Сергей не хотел выпивать сразу же весь стакан, но, увидев, как Фрол медленно, крупными глотками осушал свое, тоже выпил все. Крепкая водка заставила их сморщиться и внутренне съежиться, поэтому запили ее баварским, и стали с хрустом ломать панцири раков. Немного погодя захмелевший Фрол продолжил разговор.

– Революция для нас праздник… так сейчас говорят. Только нельзя нам все-таки давать много свободы и прав.

– Почему? – прихлебывая пиво и чувствуя разливающееся в теле тепло, спросил Сергей.

– Да хотя бы потому, что нужна нашему брату дисциплина. Вот узнали про революцию, и уже вчерась на собрании стали вести речи, чтобы устроить не только восьмичасовой рабочий день, но и семичасовой, а другие вообще предлагали сделать сегодня или в субботу выходной. Объясняют – мол, устали работать на войну. Дело ли это?

– Конечно, нет. Может быть, просто от радости, что скинули буржуев? Ты ж сам говоришь, что революция – праздник.

– Да мне не до праздника! Его хотят те, кто недавно пришел на завод и толком работать не умеет. Им работа не в радость, а в мученье. Показали, как включать станок, проточить болванку, потом отключить станок и поставить новую болванку и все. Вот от надоедливости работы они и хотят выходного. А кто умеет работать – ему праздников не надо. А для этих тягость. Редко кто из них научится настоящему мастерству. Я вот с четырнадцати лет токарю, почти все понял. А этим учиться не хочется, лишь бы немного денег заработать и опять в деревню.
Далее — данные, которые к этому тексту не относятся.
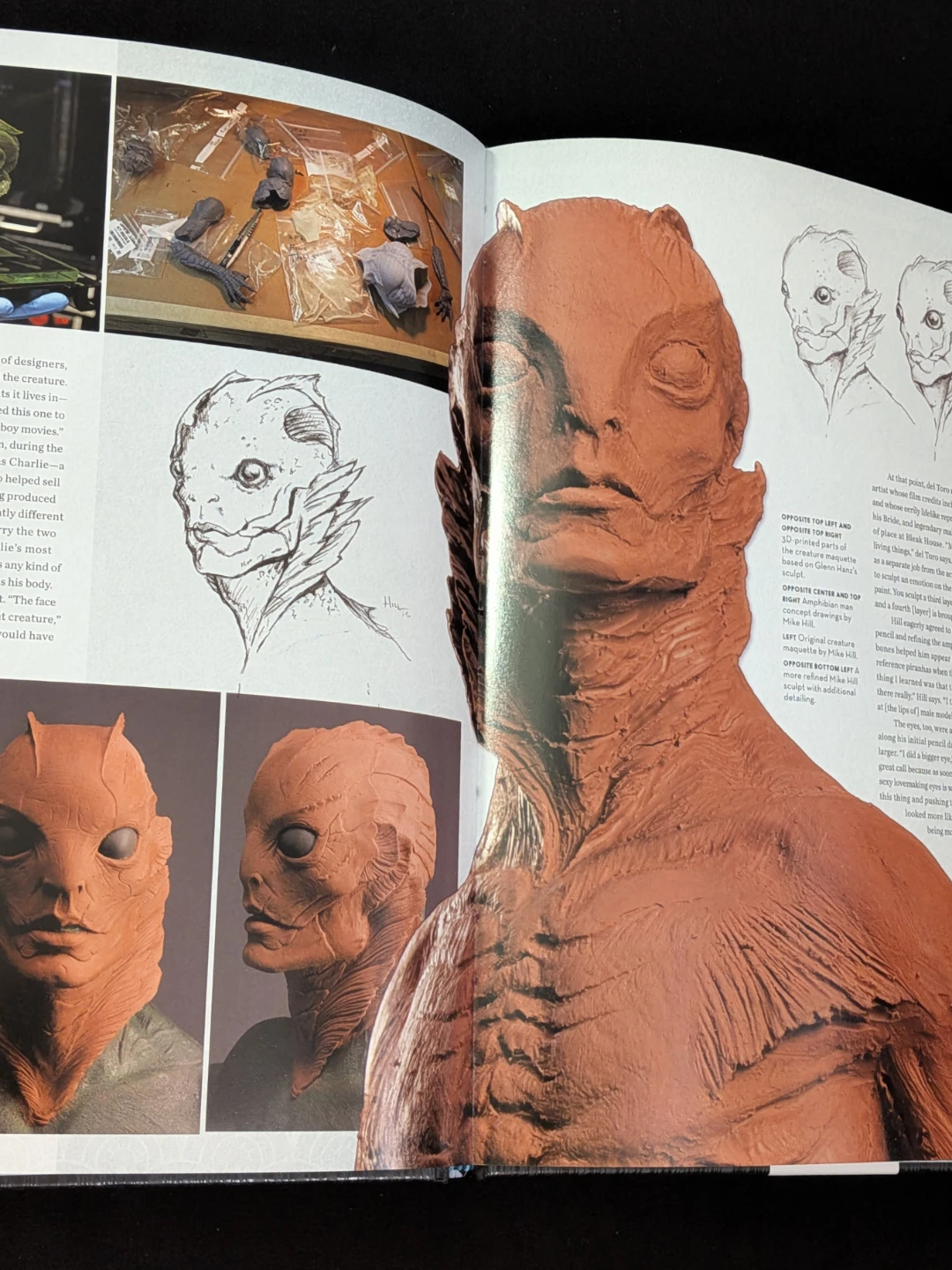 🎏 The Shape of Water film art book - photo 3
– Так научи их работать. Как когда-то меня.

– Я же сказал, что у них руки не оттуда выросли. Они не для станка. Им лошадь нужна, здесь они специалисты. А сюда их нужда выгнала, а не стремление обучиться. Земли-то всем им не хватает. А старых рабочих все меньше и меньше остается. А у новых работяг из деревенских только дети смогут этому обучиться, но не они. Я этого насмотрелся и сделал вывод – каждому Богом дано заниматься своим делом. Вот ты был неплохим токарем, а почему? Потому, что у тебя батька рабочий. У тебя в крови есть рабочая сноровка. А у кого ее нет, он должен не один десяток лет проработать на заводе. Понял?

– Что-то ты, Фрол, контрреволюционно настроен.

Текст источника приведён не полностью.